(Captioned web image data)

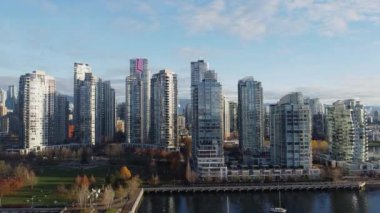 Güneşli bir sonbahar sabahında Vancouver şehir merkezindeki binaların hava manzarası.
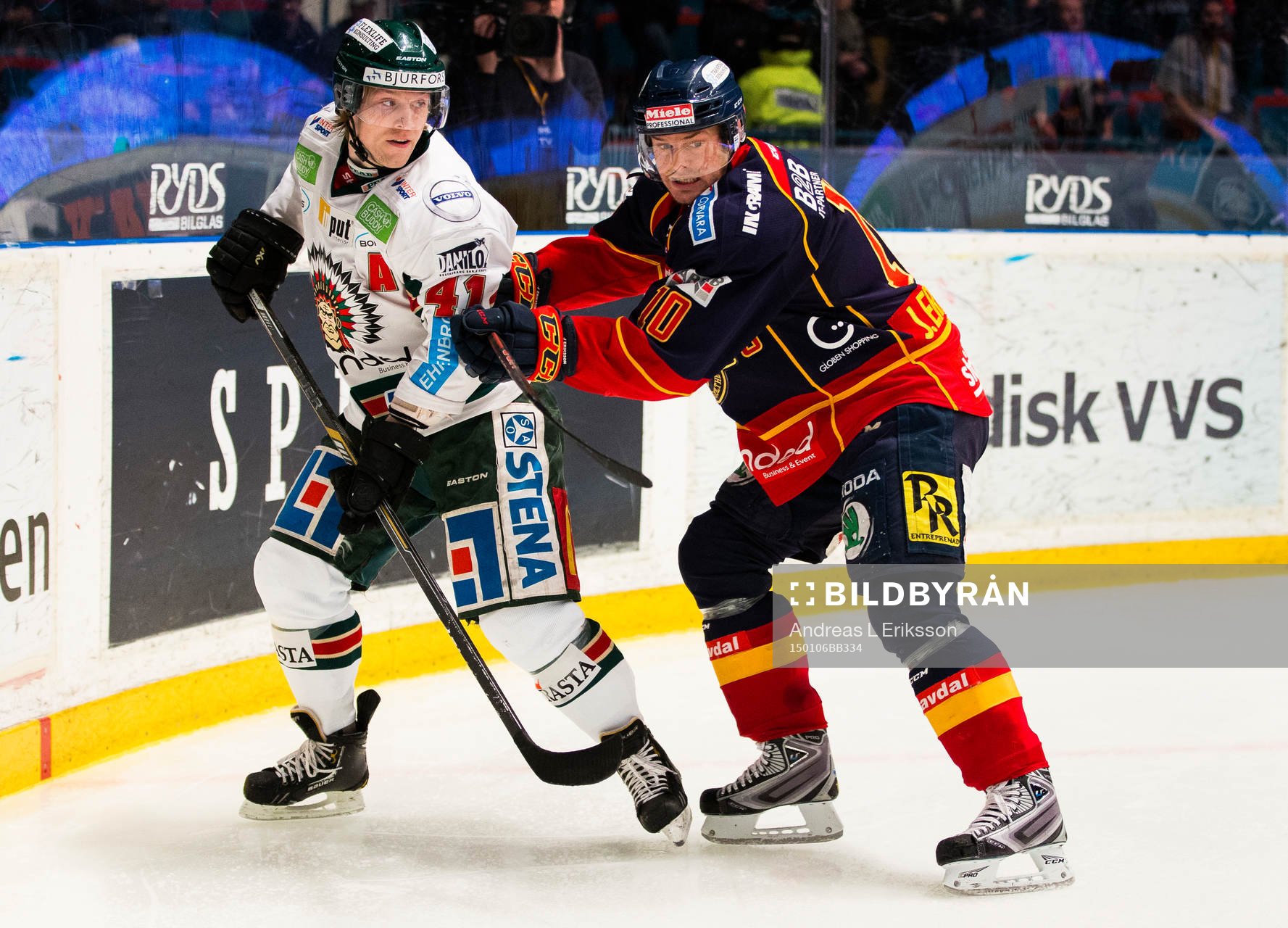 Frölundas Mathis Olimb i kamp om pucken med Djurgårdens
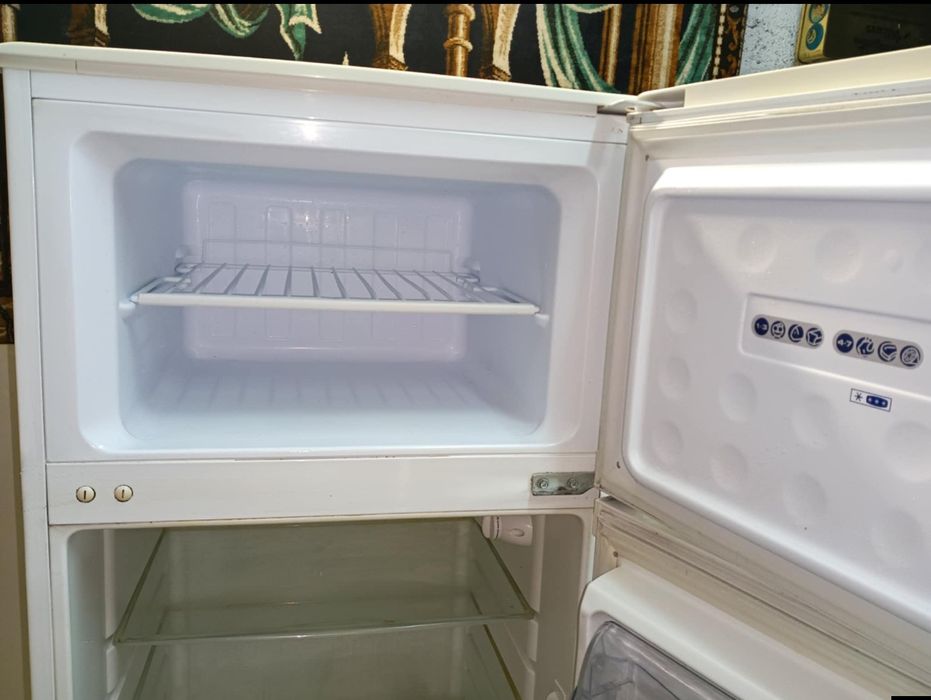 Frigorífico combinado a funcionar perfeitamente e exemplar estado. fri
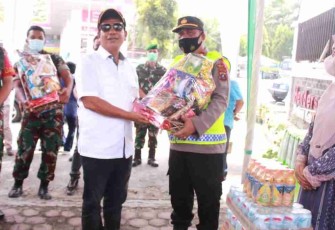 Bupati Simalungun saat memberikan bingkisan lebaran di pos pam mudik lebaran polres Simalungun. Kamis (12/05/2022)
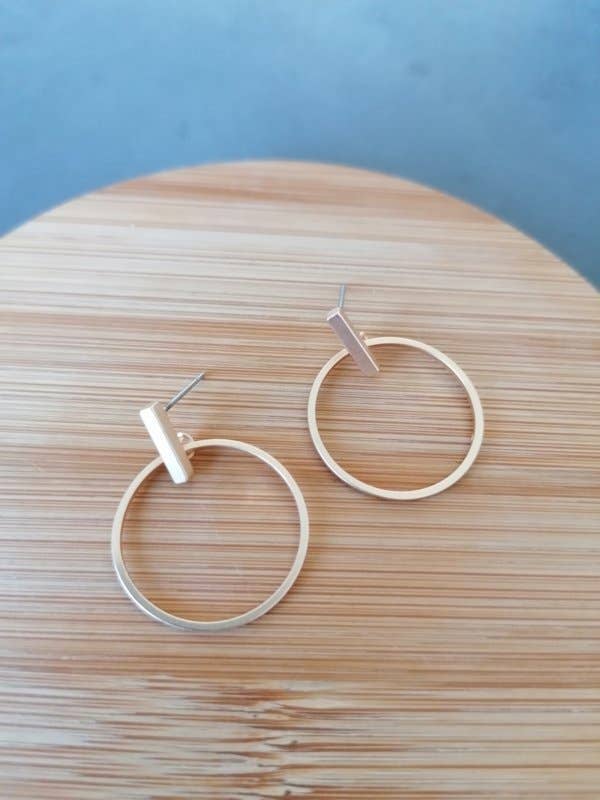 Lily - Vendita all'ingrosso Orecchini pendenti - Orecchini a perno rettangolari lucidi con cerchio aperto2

## Task directions
All of the records above should be written out exactly, with the pictures left out.

## Expected answer
 Güneşli bir sonbahar sabahında Vancouver şehir merkezindeki binaların hava manzarası.
 Frölundas Mathis Olimb i kamp om pucken med Djurgårdens
 Frigorífico combinado a funcionar perfeitamente e exemplar estado. fri
 Bupati Simalungun saat memberikan bingkisan lebaran di pos pam mudik lebaran polres Simalungun. Kamis (12/05/2022)
 Lily - Vendita all'ingrosso Orecchini pendenti - Orecchini a perno rettangolari lucidi con cerchio aperto2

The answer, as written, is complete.